To evaluate differences between possible combinations of index and reference test and to compare these to the primary combination chosen, a sensitivity analysis was performed constructing 2 × 2 tables for all possible combinations between number of observers making a positive clinical diagnosis (1 out of 3 up to 3 out of 3) and all possible combinations for confirmatory testing. Diagnostic values were calculated for each combination and their 95% CI using Wilson’s score method for binomial proportions.
Uni- and multi-variate logistic regression analyses (forced entry and stepwise methods) were performed to assess whether any of the patient characteristics were significantly associated with the accuracy of clinical diagnosis, calculating ORs and their 95% CIs. For categorical data, the lowest or least severe category was chosen as the reference group.
Finally, a subgroup analysis was performed for the significantly associated characteristics found by multivariate regression. For all analyses performed, a P value of <0.05 was considered statistically significant.

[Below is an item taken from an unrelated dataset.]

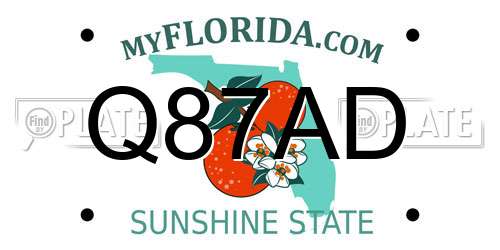 Q87AD Florida License Plate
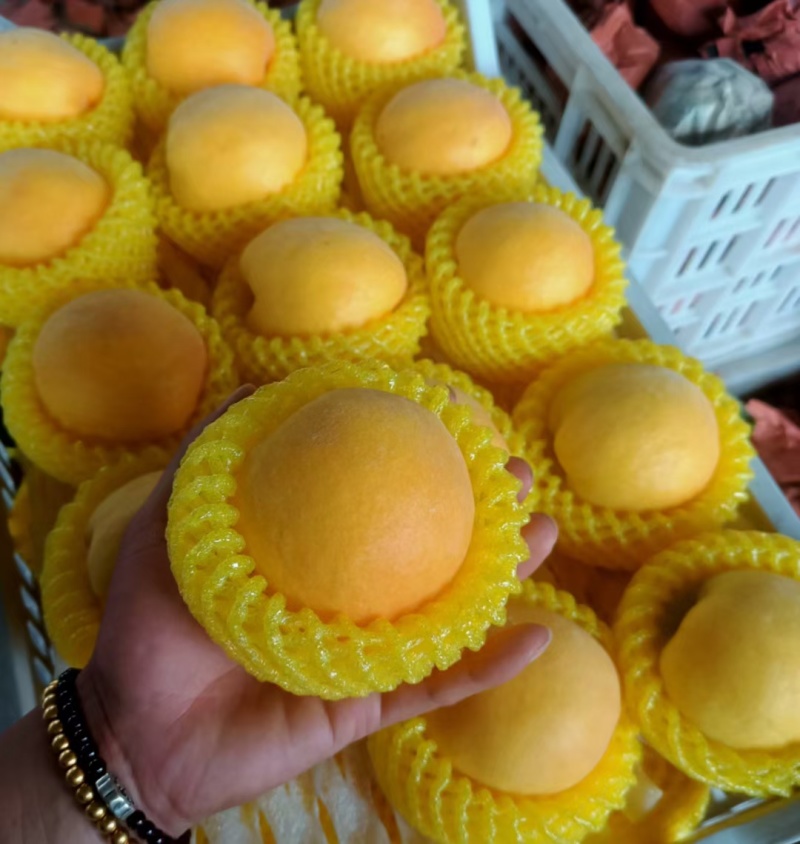 黄金蜜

Statistical analyses for both sensitivity and regression analyses were conducted using IBM SPSS (version 25).
Sample size
To calculate the required sample size for the binary outcome, that is, having onychomycosis or not, the following equation was used: n = 2 (zα⁄2 + zβ)2p̅(1 − p̅)/d2, with an alpha of 0.05 and a power of 90%. Setting the PPV of combined confirmatory testing at 100% and the estimated accuracy of clinical diagnosis of GPs at 70%, which was based on available literature, the expected difference was 30%.19 Using these numbers, a minimum of 30 was required for both groups resulting in a total sample size of 60 patients.
Results
Patient selection
Of 140 available records, 137 had complete data necessary for analyses. For the other three not all observers had provided the required input, or results of confirmatory testing were still pending or not performed (Figure 1). Regarding the incomplete records, the first patient was excluded at intake owing to metformin use, not collecting any further data. The second did not receive a clinical diagnosis from all three observers as required for analyses. For the third patient, no PCR test was performed owing to shortages caused by the COVID-19 pandemic, required for the reference standard (Figure 1). Since the reasons for these incomplete observations were unrelated to the potential value of the outcome, these data were considered to be missing at random; that is, not causing bias.
Patient characteristics
Table 1 shows the study population’s characteristics and risk factors for onychomycosis. The majority (59.1%) of the patients were aged >50 years and had moderate-to-severe onychomycosis (based on Onychomycosis Severity Index25 of 3–4 toenails and moderate symptoms for 1 year). The vast majority (83.2%) had tried any form of treatment including oral antifungal medication, to which only 17 patients (12.4%) had been exposed explicitly. All previous treatments, including home remedies, were self-reported; no data were available to verify type, timing, or duration of any treatment.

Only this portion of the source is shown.